El traslado del cadáver de la niña a su pueblo costó 23 mil pesos. Martín y Victoria juntaron 15 mil, deben el resto, así que volverán a los chilares. No les queda de otra. Están en extrema vulnerabilidad, apunta Tlachinollan. No hay ninguna cobertura institucional para los jornaleros que realizan la labor indispensable de cosechar alimentos.

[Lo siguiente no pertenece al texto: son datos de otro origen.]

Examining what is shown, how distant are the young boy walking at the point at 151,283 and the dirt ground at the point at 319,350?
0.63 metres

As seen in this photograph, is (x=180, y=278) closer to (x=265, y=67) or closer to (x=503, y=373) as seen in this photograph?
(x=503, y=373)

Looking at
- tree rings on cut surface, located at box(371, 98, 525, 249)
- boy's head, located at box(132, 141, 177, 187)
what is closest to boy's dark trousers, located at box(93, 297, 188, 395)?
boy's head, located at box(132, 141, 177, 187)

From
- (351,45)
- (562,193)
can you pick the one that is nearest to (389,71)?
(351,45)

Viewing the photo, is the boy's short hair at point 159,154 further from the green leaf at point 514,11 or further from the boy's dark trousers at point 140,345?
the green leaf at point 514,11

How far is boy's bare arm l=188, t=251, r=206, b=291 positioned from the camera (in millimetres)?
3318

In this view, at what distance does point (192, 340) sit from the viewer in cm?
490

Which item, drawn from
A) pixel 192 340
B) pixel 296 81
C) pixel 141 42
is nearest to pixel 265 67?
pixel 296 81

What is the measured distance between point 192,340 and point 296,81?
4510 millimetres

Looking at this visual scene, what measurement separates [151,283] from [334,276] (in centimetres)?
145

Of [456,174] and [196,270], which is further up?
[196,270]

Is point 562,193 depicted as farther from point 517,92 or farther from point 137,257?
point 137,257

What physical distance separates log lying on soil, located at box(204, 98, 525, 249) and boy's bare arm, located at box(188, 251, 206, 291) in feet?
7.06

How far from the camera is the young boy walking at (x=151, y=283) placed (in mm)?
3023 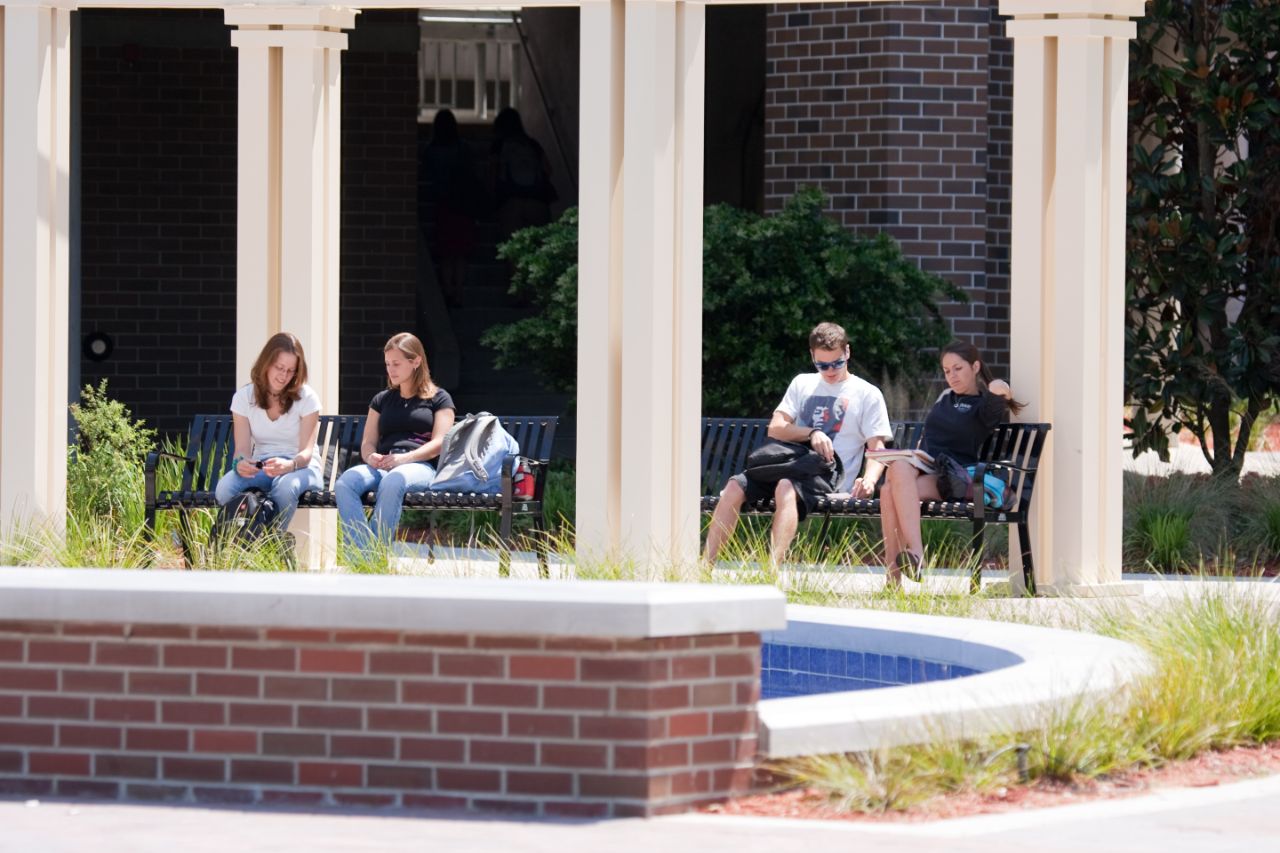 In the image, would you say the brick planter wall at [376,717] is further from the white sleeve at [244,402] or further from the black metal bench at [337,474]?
the white sleeve at [244,402]

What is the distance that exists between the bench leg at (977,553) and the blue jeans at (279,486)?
2981 millimetres

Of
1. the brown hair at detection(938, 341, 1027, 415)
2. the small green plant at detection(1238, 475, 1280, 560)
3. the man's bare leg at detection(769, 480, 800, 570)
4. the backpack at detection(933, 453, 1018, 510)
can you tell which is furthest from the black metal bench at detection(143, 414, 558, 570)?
the small green plant at detection(1238, 475, 1280, 560)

La migración ha crecido en la Montaña, sobre todo de Cochoapa, Metlatónoc y Tlapa. El consejo jornalero de Tlachinollan contabilizó la salida de 3 mil 474 mujeres y 3 mil 642 varones entre febrero y julio; 171 niños y 168 niñas menores de un año; de entre dos y seis años, salieron con sus familias 435 niños y otro tanto de niñas; de siete a 12 años, 603 niños y 483 niñas. Más de 2 mil menores sin atención médica, malnutridos, que no van a la escuela. Sus familias huyen del hambre y la violencia actual, sobre todo por conflictos agrarios.

Apenas el 10 de agosto, Tlachinollan denunciaba: En plena pandemia los pueblos indígenas luchan con otro enemigo que está arrebatando la vida de sus hijos e hijas.

Además de las muertes maternas, de los infantes que mueren por desnutrición, los feminicidios y la violencia delincuencial que ha cobrado muchas vidas de jóvenes, en el primer semestre del 2020, se ha elevado el número de muertes de jóvenes y adultos mayores de los pueblos indígenas por Covid 19.

El desmantelamiento de los centros hospitalarios son indicadores funestos de la discriminación.

Además, la falta de pruebas PCR invisibiliza los contagios y se desdeñan los decesos que ocurren en las comunidades. El escenario es cruento en las regiones indígenas, la desarticulación de la vida comunitaria está tocando fondo porque se ha resquebrajado la red de solidaridad que las comunidades supieron tejer en las décadas recientes para contar con ingresos seguros que provienen de las remesas.